Gura's account tends to skimp on treating the philosophical issues that Edwards wrestled with over the years. That
omission is, to be frank, a serious and possibly fatal one. It leaves the reader with only a dim sense of just how substantial
a thinker Edwards really was. But to his credit, Gura does a fine job of sketching the problems Edwards faced "on the ground"
in the pre-Revolutionary War era -- a period that is, for most people, unfamiliar beyond a handful of images involving Pocahontas,
Thanksgiving and witchcraft trials.
When Edwards began preaching in Northampton, Mass., in his 20s, he inherited a
set of problems that had, as it were, bedeviled the Puritan clergy for years. A sense of decline from the promise of American
righteousness was already solidly established since well before his birth. In the old days (as any colonist in the 1690s knew),
religion had governed civil life with a strong hand. But prosperity, selfishness and vulgar forms of popular entertainment
were taking America to hell in a handbasket.
Edwards' grandfather, the Rev. Solomon Stoddard, had tried to brook the
decline by making it easier to join the church.

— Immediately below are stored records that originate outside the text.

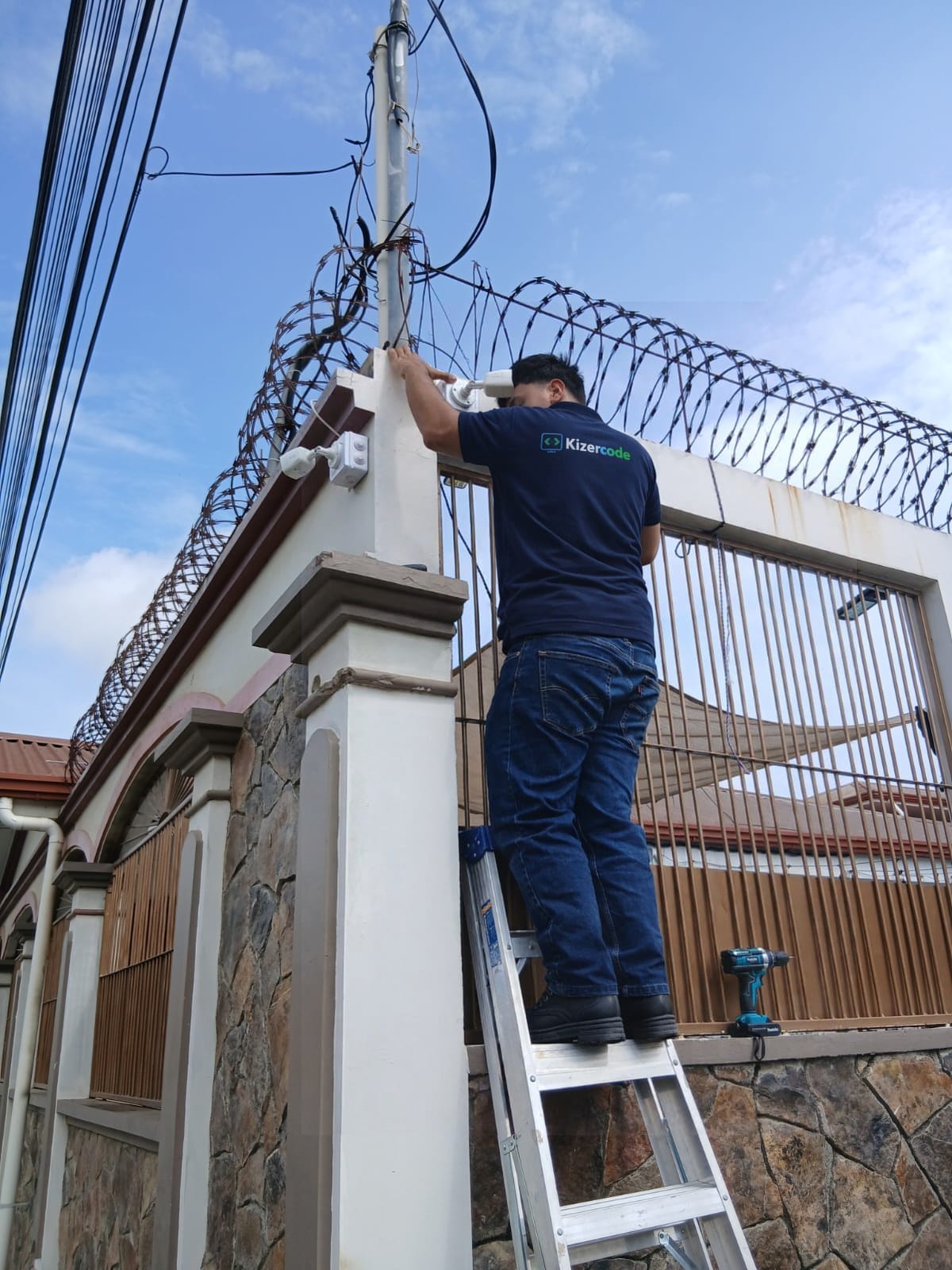 Técnico de Kizercode montando una cámara bala en el poste de un portón en El Progreso, Yoro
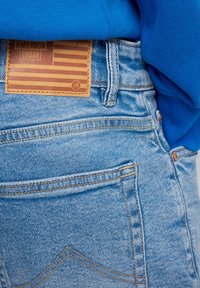 Vaaleansiniset farkut, joissa on nahkapaikka, jossa on lippu design. Farkuissa on kontrastivärinen oranssi tikkaus ja klassinen viiden taskun tyyli.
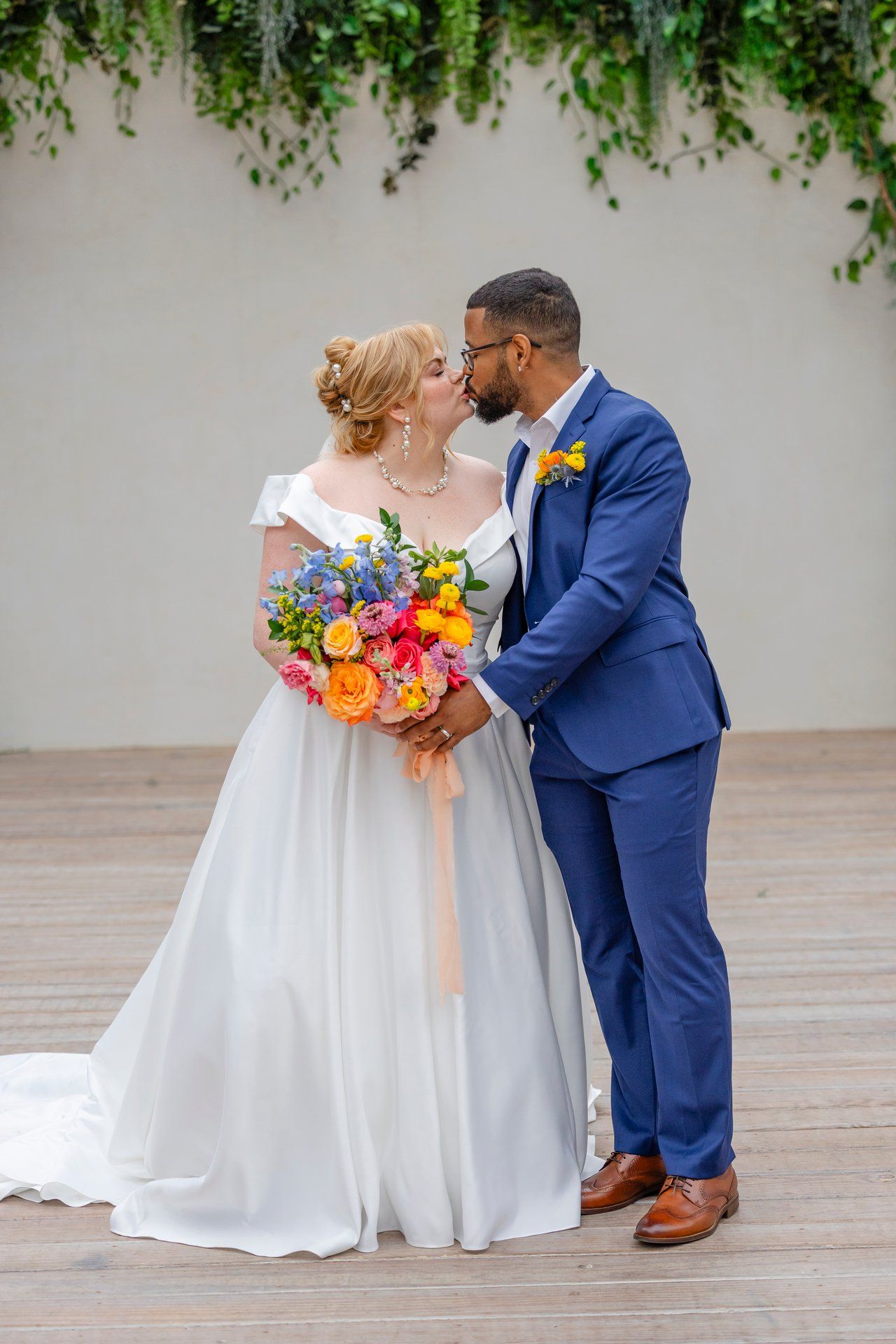 A wedding couple shares a romantic moment surrounded by hanging greenery with a vibrant bouquet.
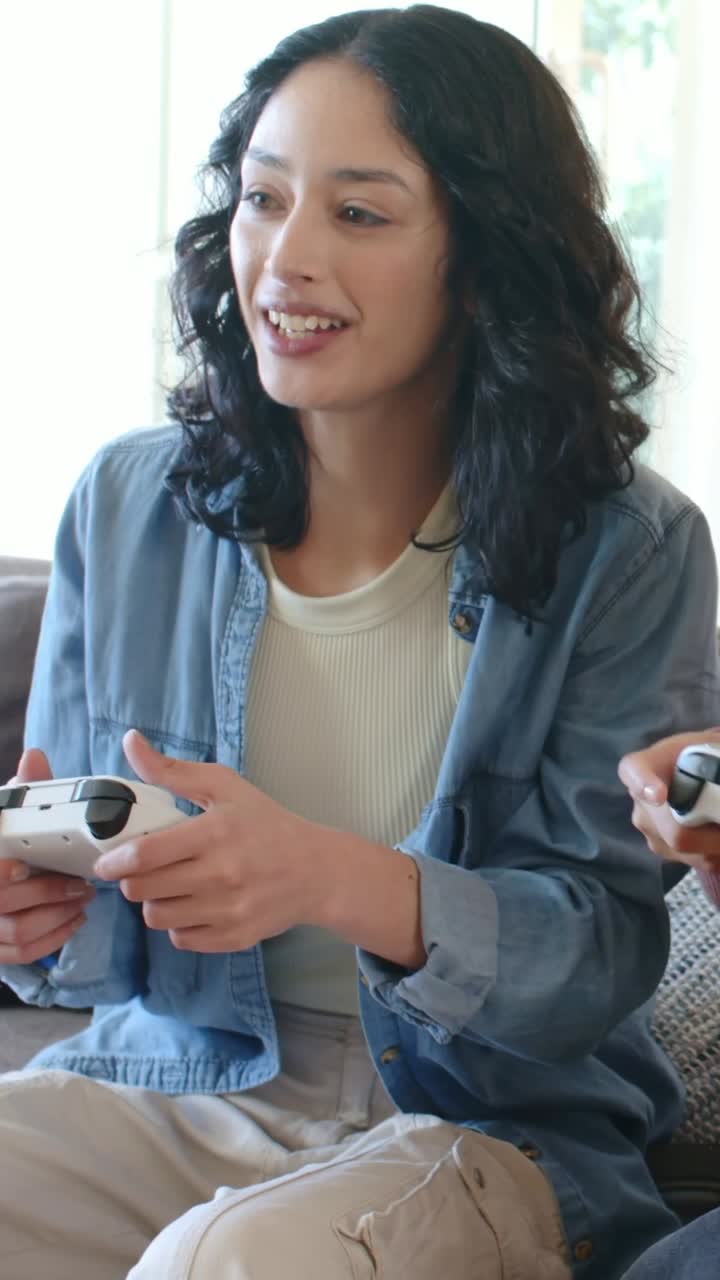 Vertical video: Game cue woman in blue top pressing white controller on couch rust-top raising it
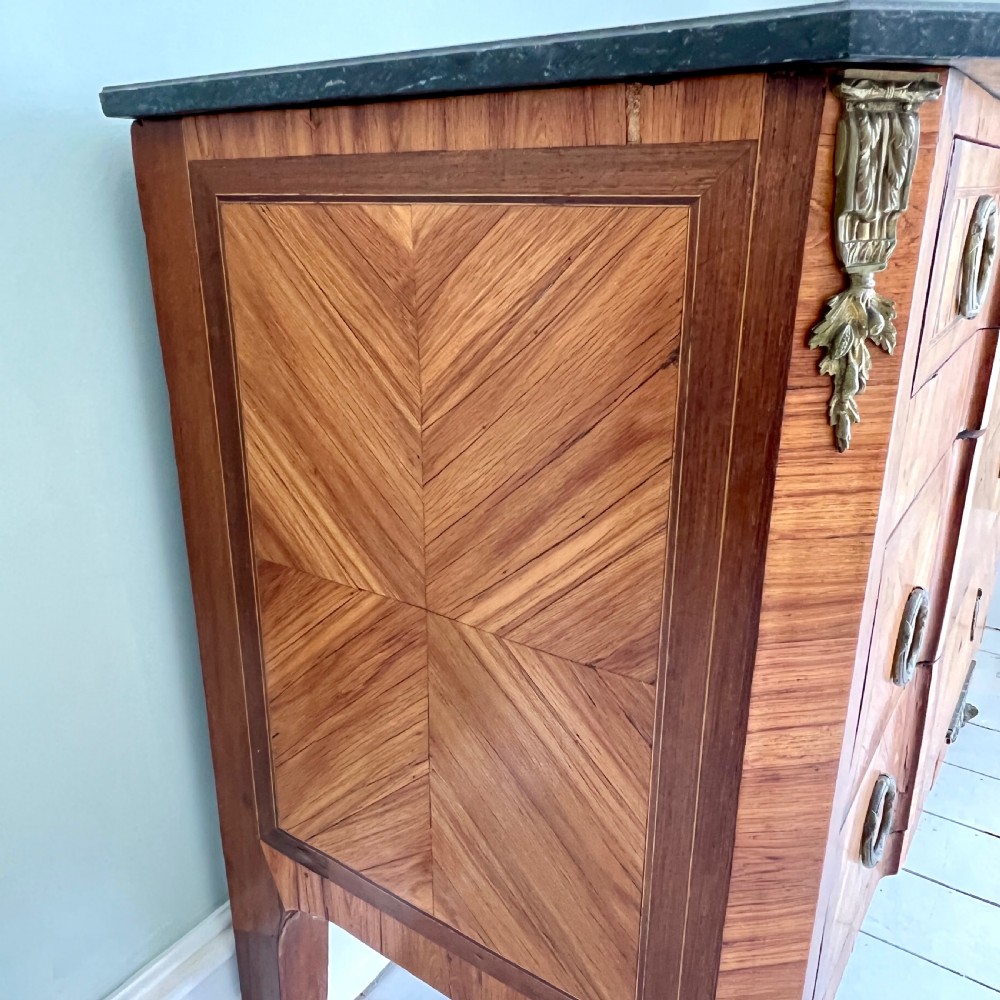 An antique Continental parquetry wooden commode featuring geometric wood inlays, brass ring handles, and a dark grey marble top. View V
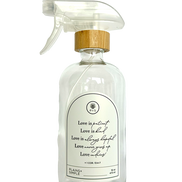 Clear glass Love Is... multipurpose Gratitude Bottle with spray pump.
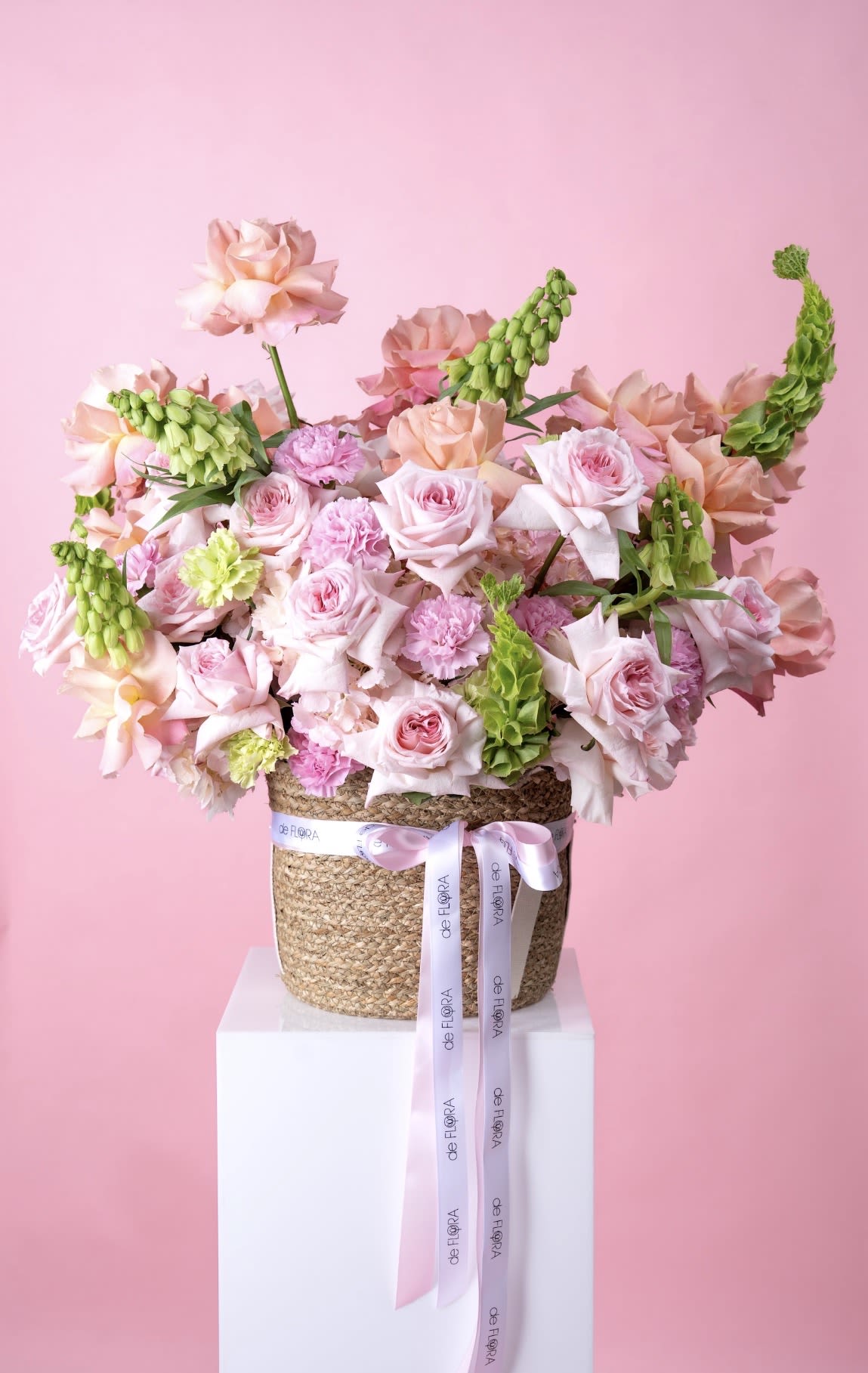 O’Hara Dream - Soft blush and peach roses mingle with ruffled pink carnations in a lush, full garden-style arrangement that feels like a gentle embrace - perfect as a birthday bouquet, anniversary flowers, or a Mother's Day gift. Tall, chartreuse Bells of Ireland rise above the blooms to add graceful height and a crisp green contrast that brightens the pastel palette; the overall effect is romantic, feminine, and quietly celebratory so the person you're thinking of will feel truly seen and cherished.  The blooms are densely gathered in a natural woven basket for a casual yet refined presentation, finished with long printed satin ribbons and a white branded ribbon that drape down the front for a polished touch. Colors are soft pink, peach, green and white; flowers include roses, carnations, Bells of Ireland and complementary seasonal stems for texture and movement. This arrangement arrives ready to display on a mantel or table - ideal for anniversaries, new baby celebrations, get well wishes, or anytime you want to send warmth and affection.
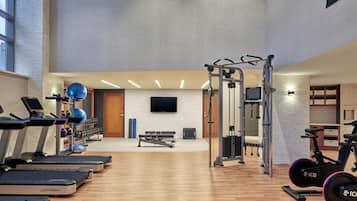 A gym with treadmills, weight machines, and exercise balls.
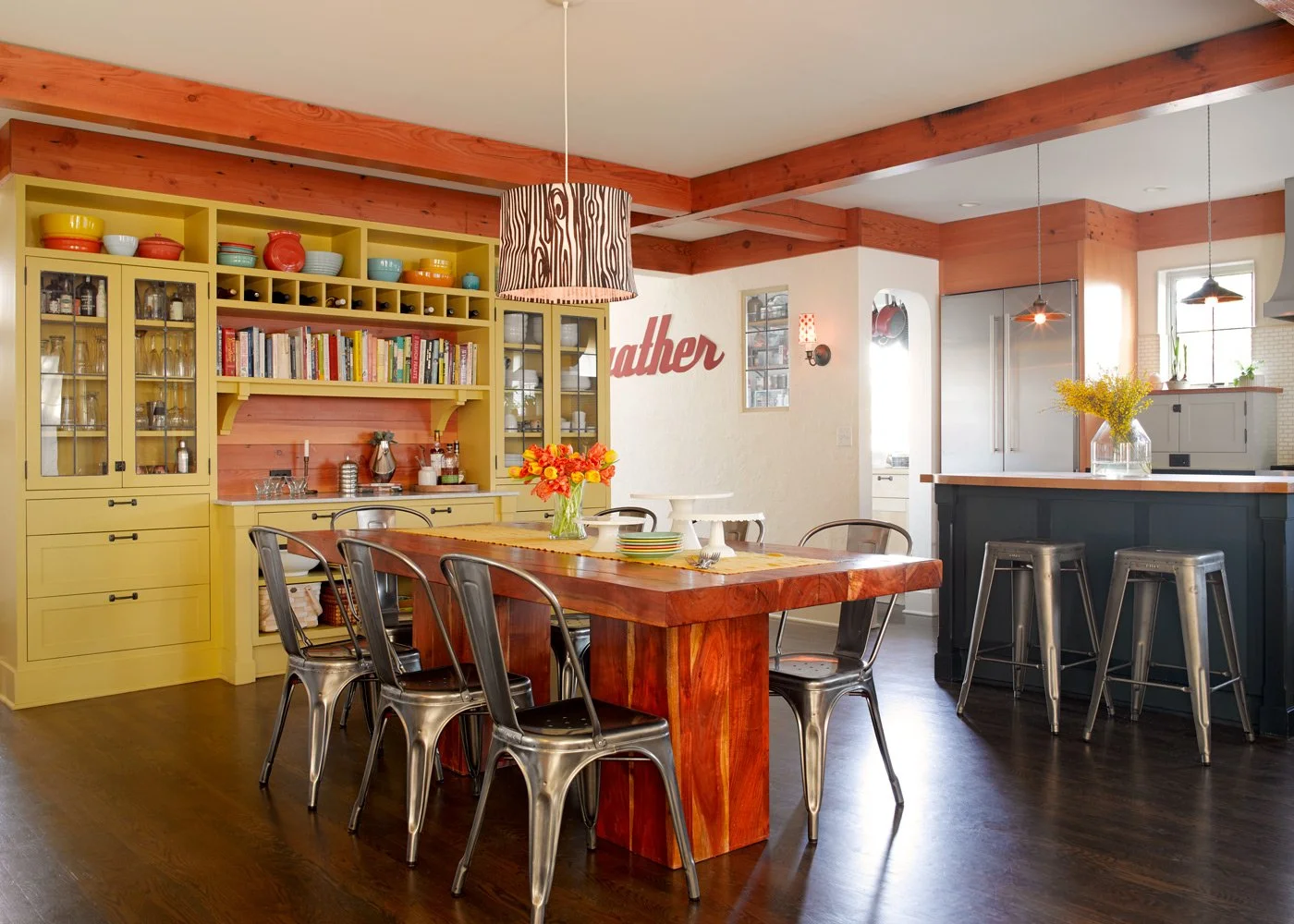 A bright, modern kitchen and dining area with yellow cabinets, a large wooden dining table with metal chairs, a kitchen island with barstools, and decorative elements like flowers and wall art.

That relaxing of standards was, to conservatives, itself part of the problem.
Could righteous order be restored without tightening up membership requirements?
A partial answer came in the wave
of revivalism that was unleashed by Edwards' sermons in the 1740s -- during which thousands of people underwent conversion.
Among the earliest, writes Gura, was "a young woman who had been one of the greatest 'company-keepers' -- that is, someone
frequently with men -- in the whole town."
If even a party girl could reform, perhaps all was not lost. Edwards' writings
soon found a trans-Atlantic audience. He offered a model of the stages that someone undergoing conversion went through: in
effect, a psychological analysis of the experience. Here, I think, "Jonathan Edwards: America's Evangelical" suffers from
not drawing enough on the notebooks in which Edwards worked out his philosophical speculations on the mind. But Gura's account
does have the slightly puzzling and perhaps unintentional effect of suggesting that Edwards' contemporary heir is not the
Rev. Billy Graham but Dr. Phil.
In any case, the deep reformation didn't really take. Some of Edwards' prize converts
among the town's young men obtained a couple of books containing detailed information on female anatomy, then "used their
newly acquired knowledge to harass young women" with rude jokes. And when Edwards tried to raise the standards for admission
to communion, he was dismissed from his position in the Northampton church.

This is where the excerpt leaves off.